■ Exercise directions: Copy out the listing that follows exactly, dropping every picture.

■ Given material:
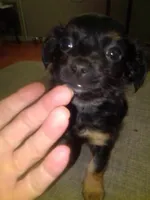 Peanut, a male Chihuahua and Shih Tzu for sale in Adel, GA – 1 of 4
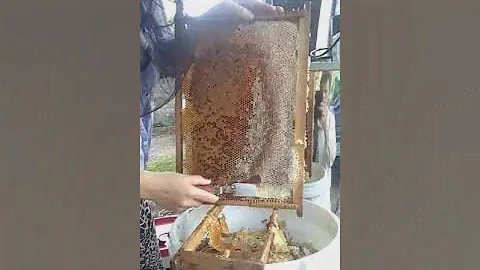 Каштановый мёд. Какой он?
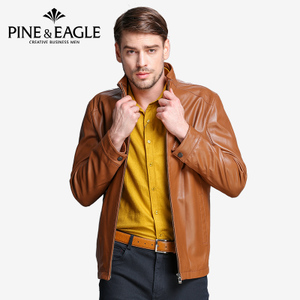 Pine&eagle/松鹰 26426508-700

■ Result of this exercise:
 Peanut, a male Chihuahua and Shih Tzu for sale in Adel, GA – 1 of 4
 Каштановый мёд. Какой он?
 Pine&eagle/松鹰 26426508-700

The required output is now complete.